Working from the records below, repeat exactly the lines starting at the line that contains "Çay Makinesi Demlik Süzgeci - 9100046021" and ending at the line that contains "th_101e_110524_WorcesterState_Student_Center", inclusive.

··· Stored data ···

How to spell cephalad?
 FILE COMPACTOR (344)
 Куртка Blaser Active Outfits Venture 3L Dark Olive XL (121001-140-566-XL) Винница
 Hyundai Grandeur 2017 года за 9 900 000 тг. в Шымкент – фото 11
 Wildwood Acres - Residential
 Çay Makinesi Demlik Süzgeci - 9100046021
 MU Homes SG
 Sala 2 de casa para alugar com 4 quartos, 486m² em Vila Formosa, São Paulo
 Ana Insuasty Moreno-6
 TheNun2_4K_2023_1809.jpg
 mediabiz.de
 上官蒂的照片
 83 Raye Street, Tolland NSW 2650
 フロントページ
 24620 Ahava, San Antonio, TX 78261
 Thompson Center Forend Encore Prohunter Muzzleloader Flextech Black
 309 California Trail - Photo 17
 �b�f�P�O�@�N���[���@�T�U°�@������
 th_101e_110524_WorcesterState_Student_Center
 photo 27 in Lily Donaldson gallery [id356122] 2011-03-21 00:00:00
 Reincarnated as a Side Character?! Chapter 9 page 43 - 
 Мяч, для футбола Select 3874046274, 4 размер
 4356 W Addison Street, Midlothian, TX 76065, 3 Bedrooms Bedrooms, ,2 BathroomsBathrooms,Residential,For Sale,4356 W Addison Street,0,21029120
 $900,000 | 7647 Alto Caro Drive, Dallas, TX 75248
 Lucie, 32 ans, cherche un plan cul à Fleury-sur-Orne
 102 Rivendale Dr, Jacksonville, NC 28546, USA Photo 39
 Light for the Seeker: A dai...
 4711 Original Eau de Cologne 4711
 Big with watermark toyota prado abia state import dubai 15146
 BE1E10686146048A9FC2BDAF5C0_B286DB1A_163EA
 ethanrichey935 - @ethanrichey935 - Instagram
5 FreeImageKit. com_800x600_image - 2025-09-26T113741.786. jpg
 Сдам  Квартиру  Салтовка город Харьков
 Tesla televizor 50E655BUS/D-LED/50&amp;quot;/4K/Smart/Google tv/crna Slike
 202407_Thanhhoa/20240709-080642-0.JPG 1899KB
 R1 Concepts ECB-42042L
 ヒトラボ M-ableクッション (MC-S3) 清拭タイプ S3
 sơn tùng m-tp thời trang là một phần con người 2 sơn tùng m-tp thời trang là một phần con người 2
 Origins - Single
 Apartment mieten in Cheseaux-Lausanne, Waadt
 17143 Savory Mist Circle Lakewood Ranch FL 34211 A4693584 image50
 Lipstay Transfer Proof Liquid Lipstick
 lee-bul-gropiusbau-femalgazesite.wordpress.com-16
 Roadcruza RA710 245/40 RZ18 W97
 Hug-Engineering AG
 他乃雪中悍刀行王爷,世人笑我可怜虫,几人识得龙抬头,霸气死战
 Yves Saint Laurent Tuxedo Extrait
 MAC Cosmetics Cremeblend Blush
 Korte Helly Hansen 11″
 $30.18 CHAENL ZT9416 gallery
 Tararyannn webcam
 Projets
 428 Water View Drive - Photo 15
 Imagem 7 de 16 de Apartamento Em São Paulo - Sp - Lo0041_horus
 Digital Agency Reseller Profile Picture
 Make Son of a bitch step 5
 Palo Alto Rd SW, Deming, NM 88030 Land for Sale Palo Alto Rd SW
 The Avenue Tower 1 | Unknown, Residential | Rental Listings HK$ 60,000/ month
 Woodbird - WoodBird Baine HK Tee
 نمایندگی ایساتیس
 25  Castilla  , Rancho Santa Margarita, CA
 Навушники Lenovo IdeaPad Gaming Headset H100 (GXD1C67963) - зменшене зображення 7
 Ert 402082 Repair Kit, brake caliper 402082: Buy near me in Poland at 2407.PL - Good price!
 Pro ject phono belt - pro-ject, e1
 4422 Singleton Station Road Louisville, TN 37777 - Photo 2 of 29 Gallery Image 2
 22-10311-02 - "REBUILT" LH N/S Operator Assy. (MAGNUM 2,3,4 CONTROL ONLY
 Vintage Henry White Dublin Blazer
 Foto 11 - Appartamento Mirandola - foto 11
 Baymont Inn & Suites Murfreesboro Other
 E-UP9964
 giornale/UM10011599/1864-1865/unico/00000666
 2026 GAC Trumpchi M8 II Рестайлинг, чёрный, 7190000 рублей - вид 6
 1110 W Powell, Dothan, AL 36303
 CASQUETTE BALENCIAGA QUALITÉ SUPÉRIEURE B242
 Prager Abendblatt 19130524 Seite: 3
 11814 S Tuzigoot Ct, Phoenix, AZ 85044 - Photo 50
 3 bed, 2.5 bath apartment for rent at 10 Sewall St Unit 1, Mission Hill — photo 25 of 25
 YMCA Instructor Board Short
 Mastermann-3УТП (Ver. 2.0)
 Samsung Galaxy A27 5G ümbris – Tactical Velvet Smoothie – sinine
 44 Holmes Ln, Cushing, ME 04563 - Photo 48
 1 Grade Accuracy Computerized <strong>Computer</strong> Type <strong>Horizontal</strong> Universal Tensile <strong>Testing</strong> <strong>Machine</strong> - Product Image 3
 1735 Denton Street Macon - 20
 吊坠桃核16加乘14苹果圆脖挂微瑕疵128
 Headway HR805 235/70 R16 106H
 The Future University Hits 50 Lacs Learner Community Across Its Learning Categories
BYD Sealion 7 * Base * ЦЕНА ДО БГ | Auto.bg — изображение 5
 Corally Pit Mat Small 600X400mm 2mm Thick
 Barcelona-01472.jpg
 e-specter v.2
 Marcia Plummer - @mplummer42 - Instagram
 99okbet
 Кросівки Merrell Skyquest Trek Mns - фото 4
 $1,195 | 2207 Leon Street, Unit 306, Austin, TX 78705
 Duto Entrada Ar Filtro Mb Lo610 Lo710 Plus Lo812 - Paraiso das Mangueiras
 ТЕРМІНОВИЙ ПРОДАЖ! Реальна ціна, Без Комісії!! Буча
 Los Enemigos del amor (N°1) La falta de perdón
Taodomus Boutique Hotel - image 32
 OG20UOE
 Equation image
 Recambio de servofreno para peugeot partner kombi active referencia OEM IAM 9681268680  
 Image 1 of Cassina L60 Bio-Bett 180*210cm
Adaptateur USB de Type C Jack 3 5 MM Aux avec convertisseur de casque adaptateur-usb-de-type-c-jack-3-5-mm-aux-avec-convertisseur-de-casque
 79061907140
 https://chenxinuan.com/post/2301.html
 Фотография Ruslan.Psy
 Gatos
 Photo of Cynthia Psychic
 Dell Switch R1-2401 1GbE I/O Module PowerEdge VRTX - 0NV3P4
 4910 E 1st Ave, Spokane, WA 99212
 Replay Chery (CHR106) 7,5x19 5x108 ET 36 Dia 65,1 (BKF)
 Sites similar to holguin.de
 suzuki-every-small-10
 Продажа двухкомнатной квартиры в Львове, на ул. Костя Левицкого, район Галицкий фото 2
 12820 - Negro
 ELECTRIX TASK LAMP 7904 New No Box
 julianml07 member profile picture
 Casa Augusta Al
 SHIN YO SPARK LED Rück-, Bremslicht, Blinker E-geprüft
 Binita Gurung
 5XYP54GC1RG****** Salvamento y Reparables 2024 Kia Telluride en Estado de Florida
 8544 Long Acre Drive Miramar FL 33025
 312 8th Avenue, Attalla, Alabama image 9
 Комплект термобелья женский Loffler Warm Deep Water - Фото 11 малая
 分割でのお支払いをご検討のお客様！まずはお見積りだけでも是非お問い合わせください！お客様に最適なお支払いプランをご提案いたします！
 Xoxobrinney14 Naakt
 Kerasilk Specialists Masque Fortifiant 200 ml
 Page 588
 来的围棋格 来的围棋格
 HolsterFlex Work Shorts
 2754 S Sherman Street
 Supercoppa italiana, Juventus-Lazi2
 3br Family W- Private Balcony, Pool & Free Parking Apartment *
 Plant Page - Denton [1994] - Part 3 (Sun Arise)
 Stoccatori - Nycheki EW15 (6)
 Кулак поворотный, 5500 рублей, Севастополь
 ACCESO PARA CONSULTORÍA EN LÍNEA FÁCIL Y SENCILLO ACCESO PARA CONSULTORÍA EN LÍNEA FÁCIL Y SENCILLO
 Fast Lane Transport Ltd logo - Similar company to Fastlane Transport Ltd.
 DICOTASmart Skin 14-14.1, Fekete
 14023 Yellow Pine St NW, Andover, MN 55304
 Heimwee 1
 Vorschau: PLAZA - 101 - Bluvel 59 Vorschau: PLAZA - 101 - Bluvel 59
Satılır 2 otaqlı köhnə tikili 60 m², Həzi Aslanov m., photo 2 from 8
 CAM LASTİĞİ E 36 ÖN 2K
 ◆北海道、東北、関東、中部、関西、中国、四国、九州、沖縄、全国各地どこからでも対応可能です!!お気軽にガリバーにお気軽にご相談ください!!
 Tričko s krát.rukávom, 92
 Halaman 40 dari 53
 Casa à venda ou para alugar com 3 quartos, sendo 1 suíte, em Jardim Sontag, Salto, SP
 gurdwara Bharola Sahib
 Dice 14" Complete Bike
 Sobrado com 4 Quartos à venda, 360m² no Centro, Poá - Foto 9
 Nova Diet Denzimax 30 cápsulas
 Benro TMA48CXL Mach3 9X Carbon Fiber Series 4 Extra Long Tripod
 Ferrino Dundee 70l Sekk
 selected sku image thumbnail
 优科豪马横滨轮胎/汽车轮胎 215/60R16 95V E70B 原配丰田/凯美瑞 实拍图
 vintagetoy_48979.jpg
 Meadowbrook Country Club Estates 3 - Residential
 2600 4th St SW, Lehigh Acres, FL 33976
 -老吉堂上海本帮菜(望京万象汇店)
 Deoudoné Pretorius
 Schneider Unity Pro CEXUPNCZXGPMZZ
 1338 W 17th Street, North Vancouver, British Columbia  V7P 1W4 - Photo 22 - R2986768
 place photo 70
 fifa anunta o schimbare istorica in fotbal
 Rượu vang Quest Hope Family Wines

···

Your solution:
 Çay Makinesi Demlik Süzgeci - 9100046021
 MU Homes SG
 Sala 2 de casa para alugar com 4 quartos, 486m² em Vila Formosa, São Paulo
 Ana Insuasty Moreno-6
 TheNun2_4K_2023_1809.jpg
 mediabiz.de
 上官蒂的照片
 83 Raye Street, Tolland NSW 2650
 フロントページ
 24620 Ahava, San Antonio, TX 78261
 Thompson Center Forend Encore Prohunter Muzzleloader Flextech Black
 309 California Trail - Photo 17
 �b�f�P�O�@�N���[���@�T�U°�@������
 th_101e_110524_WorcesterState_Student_Center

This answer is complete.